How Does The Cottages At Texarkana Compare to Other Arkansas Nursing Homes?

Compared to the 100 nursing homes in Arkansas, THE COTTAGES AT TEXARKANA's overall rating (4 stars) is above the state average of 3.1, staff turnover (44%) is near the state average of 46%, and health inspection rating (3 stars) is at the national benchmark.

What Should Families Ask When Visiting The Cottages At Texarkana?

Based on this facility's data, families visiting should ask: "Can I visit during a mealtime to observe dining assistance and food quality?" "How do you handle medical emergencies, and what is your hospital transfer rate?" "Can I speak with family members of current residents about their experience?"

Is The Cottages At Texarkana Safe?

Based on CMS inspection data, THE COTTAGES AT TEXARKANA has a clean safety record: no substantiated abuse findings (meaning no confirmed cases of resident harm), no Immediate Jeopardy citations (the most serious violation level indicating risk of serious injury or death), and is not on the Special Focus Facility watch list (a federal program monitoring the lowest-performing 1% of nursing homes). The facility has a 4-star overall rating and ranks #1 of 100 nursing homes in Arkansas. While no facility is perfect, families should still ask about staff-to-resident ratios and recent inspection results during their visit.

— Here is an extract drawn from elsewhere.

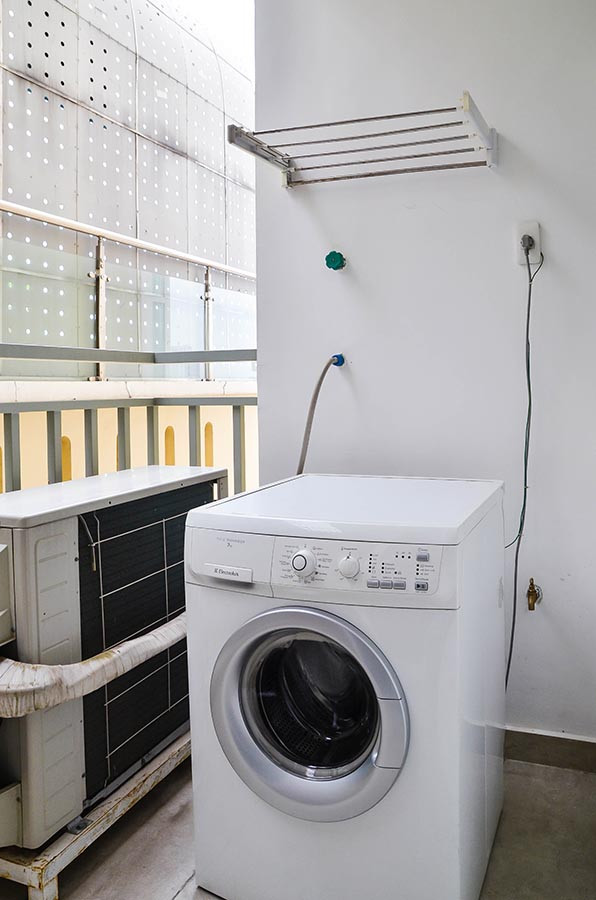 A Comfortable Modern One-Bedroom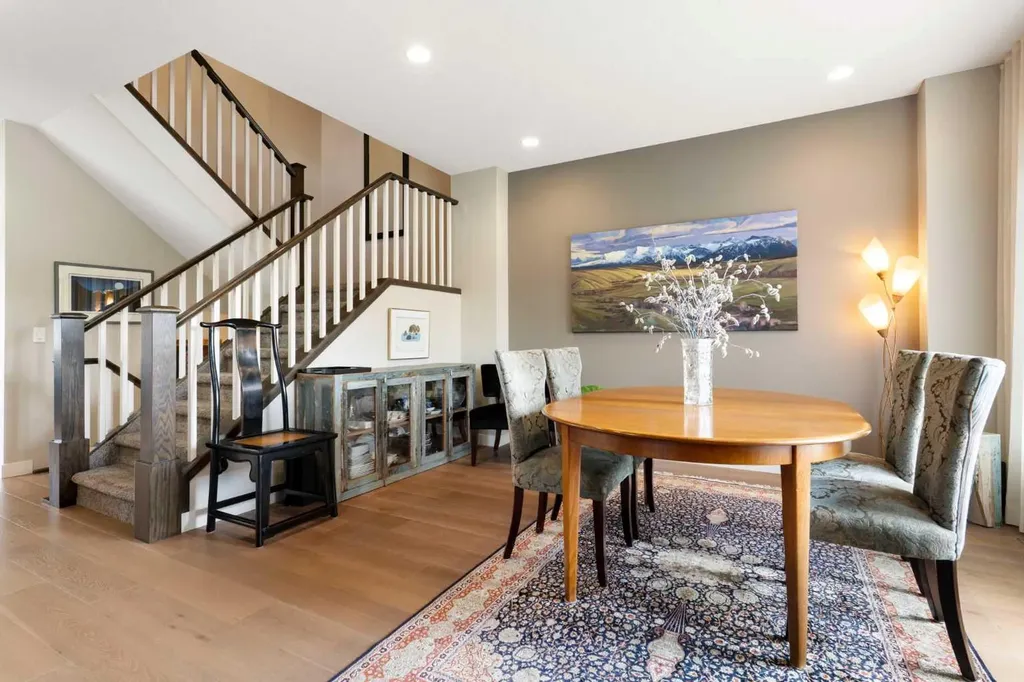 2008 43 Street NW Calgary AB T3B 6E4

Do Nurses at The Cottages At Texarkana Stick Around?

THE COTTAGES AT TEXARKANA has a staff turnover rate of 44%, which is about average for Arkansas nursing homes (state average: 46%). Moderate turnover is common in nursing homes, but families should still ask about staff tenure and how the facility maintains care continuity when employees leave.

Was The Cottages At Texarkana Ever Fined?

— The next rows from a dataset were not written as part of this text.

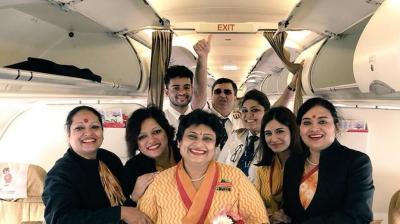 Daughter pilots mother’s last flight as AI crew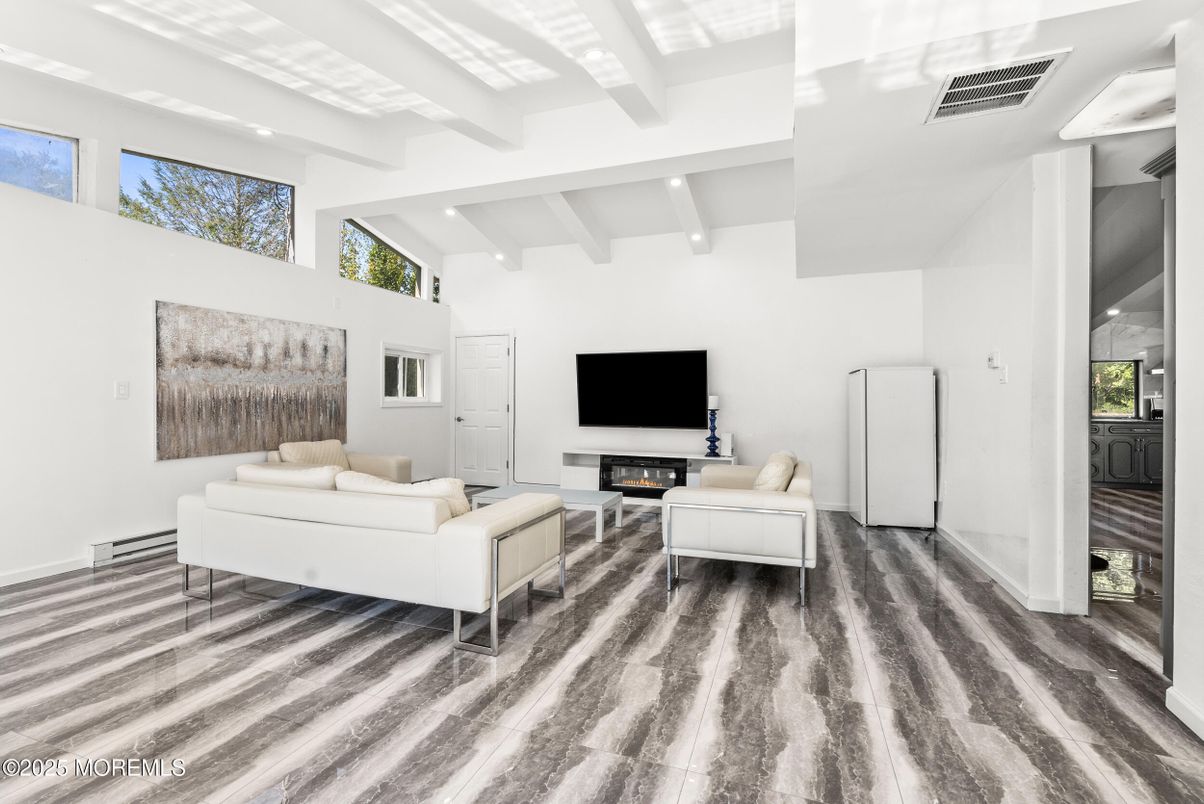 Interior, Living room, Recessed Lighting, Wood Texture Flooring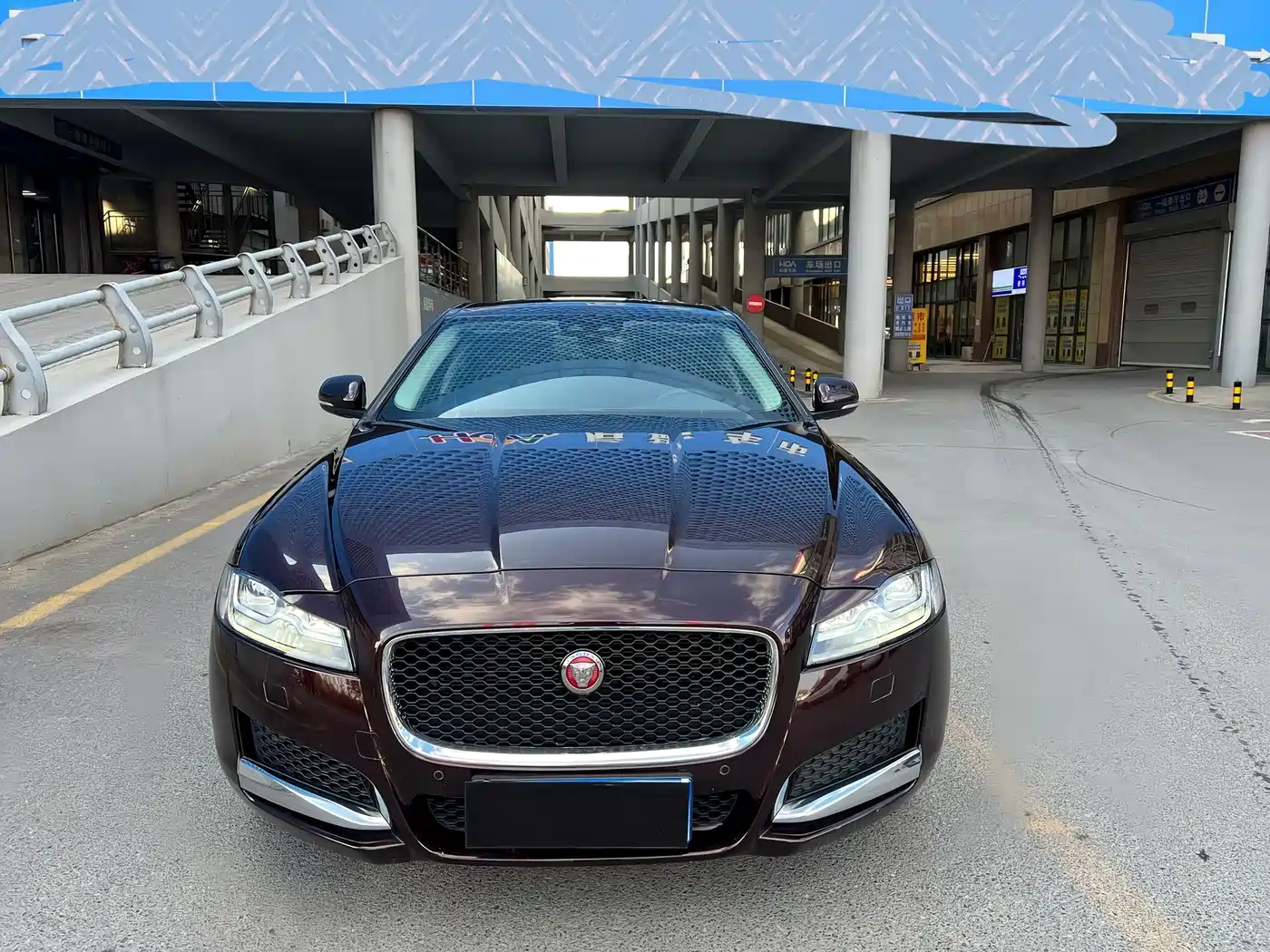 Photo 2 - Jaguar XFL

THE COTTAGES AT TEXARKANA has been fined $43,110 across 1 penalty action. The Arkansas average is $33,510. While any fine indicates a compliance issue, fines under $50,000 are relatively common and typically reflect isolated problems that were subsequently corrected. Families should ask what specific issues led to these fines and confirm they've been resolved.

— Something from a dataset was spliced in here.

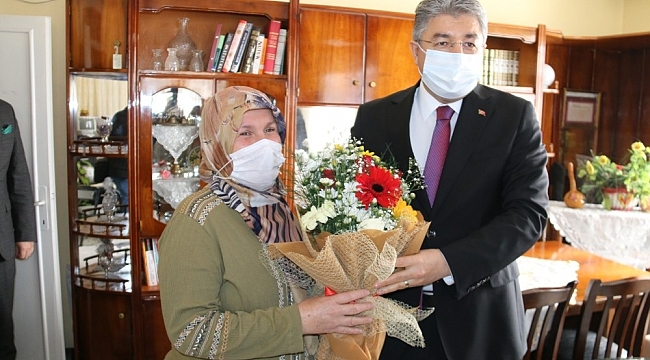 Vali Yılmaz'dan 40 yıllık vefa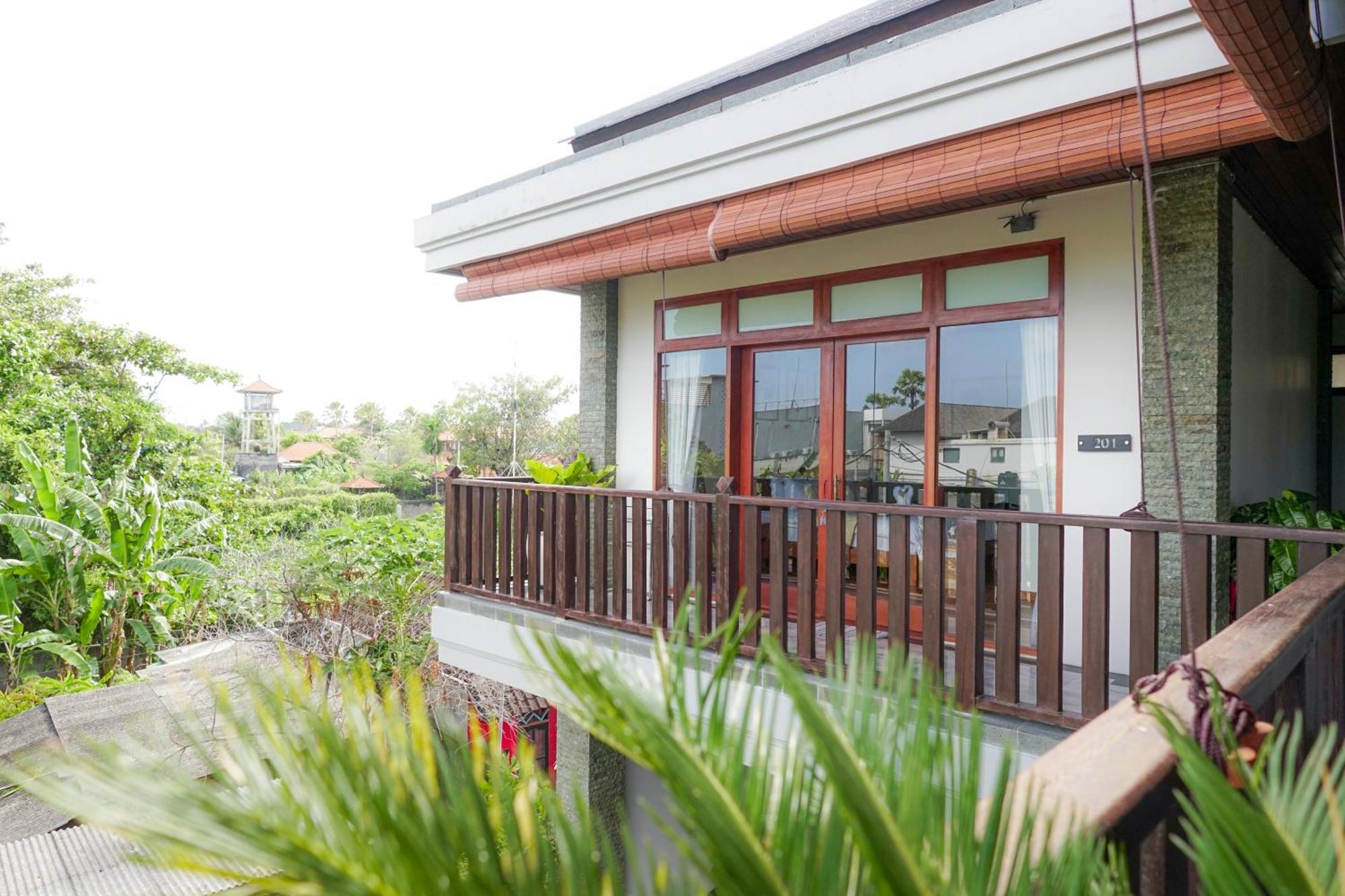 Tropical Beach House Bali Seminyak Exterior foto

Is The Cottages At Texarkana on Any Federal Watch List?

THE COTTAGES AT TEXARKANA is not on any federal watch list. The most significant is the Special Focus Facility (SFF) program, which identifies the bottom 1% of nursing homes nationally based on persistent, serious quality problems. Not being on this list means the facility has avoided the pattern of deficiencies that triggers enhanced federal oversight. This is a positive indicator, though families should still review the facility's inspection history directly.